Work to complete – Look through the entries. Copy each line that has the word "Brown".
= Beginning of Section =
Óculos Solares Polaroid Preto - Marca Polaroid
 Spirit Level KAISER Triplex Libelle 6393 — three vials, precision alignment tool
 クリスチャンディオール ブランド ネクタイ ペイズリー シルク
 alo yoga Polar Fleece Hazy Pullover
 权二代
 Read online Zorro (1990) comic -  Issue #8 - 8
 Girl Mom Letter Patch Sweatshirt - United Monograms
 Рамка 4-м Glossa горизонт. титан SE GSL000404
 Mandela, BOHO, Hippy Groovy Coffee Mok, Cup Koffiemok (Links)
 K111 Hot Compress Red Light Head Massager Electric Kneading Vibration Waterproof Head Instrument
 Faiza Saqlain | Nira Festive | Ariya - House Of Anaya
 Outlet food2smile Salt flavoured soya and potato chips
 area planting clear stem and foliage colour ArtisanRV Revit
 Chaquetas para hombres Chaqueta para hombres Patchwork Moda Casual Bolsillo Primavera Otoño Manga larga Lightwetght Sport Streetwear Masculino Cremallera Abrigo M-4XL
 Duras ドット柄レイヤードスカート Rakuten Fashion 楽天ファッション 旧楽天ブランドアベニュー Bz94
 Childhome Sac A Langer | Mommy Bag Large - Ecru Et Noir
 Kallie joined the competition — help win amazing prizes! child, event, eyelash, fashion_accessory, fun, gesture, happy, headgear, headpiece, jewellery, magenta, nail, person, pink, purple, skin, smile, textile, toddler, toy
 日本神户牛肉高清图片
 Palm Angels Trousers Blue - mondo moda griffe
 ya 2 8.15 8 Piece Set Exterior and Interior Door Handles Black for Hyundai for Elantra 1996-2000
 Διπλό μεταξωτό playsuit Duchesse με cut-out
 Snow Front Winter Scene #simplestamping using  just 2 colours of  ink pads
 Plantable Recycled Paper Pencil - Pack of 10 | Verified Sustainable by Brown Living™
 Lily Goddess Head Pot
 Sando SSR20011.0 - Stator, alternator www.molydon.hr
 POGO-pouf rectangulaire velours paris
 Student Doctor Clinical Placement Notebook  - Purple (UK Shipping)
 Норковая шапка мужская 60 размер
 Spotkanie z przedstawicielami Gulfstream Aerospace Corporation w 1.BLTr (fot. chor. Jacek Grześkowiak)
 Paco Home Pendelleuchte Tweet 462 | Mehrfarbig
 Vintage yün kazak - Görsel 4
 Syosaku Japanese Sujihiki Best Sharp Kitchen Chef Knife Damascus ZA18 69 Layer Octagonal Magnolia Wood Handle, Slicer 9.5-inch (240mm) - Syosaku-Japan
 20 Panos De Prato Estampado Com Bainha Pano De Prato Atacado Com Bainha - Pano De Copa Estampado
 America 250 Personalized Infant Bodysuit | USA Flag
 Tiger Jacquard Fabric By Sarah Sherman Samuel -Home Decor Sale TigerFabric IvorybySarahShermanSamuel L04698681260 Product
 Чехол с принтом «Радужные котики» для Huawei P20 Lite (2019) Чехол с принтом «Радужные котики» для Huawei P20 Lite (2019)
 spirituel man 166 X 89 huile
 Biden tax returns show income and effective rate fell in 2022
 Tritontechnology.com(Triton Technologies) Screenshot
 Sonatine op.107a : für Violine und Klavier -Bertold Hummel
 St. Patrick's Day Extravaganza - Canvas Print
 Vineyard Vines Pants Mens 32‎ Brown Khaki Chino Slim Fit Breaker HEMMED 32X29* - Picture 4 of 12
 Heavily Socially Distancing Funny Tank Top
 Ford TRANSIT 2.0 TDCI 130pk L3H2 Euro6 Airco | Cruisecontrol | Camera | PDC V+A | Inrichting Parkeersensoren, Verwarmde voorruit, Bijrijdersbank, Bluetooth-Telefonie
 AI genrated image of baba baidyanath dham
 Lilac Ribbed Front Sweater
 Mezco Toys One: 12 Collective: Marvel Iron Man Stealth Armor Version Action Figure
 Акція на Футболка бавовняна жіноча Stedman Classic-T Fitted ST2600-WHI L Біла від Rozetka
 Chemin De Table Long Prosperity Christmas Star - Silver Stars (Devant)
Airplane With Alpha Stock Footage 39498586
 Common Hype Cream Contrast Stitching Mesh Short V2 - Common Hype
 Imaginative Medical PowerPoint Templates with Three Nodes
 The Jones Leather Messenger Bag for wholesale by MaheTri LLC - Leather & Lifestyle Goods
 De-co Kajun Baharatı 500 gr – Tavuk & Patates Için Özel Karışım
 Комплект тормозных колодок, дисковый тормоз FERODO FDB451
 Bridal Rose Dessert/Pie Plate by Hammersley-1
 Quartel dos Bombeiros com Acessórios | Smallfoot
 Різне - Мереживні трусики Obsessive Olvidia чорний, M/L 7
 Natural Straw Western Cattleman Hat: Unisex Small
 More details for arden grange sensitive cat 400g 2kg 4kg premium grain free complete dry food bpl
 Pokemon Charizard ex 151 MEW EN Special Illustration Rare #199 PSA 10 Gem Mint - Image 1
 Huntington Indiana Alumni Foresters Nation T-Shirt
= End of Section =
Result –
 Plantable Recycled Paper Pencil - Pack of 10 | Verified Sustainable by Brown Living™
 Vineyard Vines Pants Mens 32‎ Brown Khaki Chino Slim Fit Breaker HEMMED 32X29* - Picture 4 of 12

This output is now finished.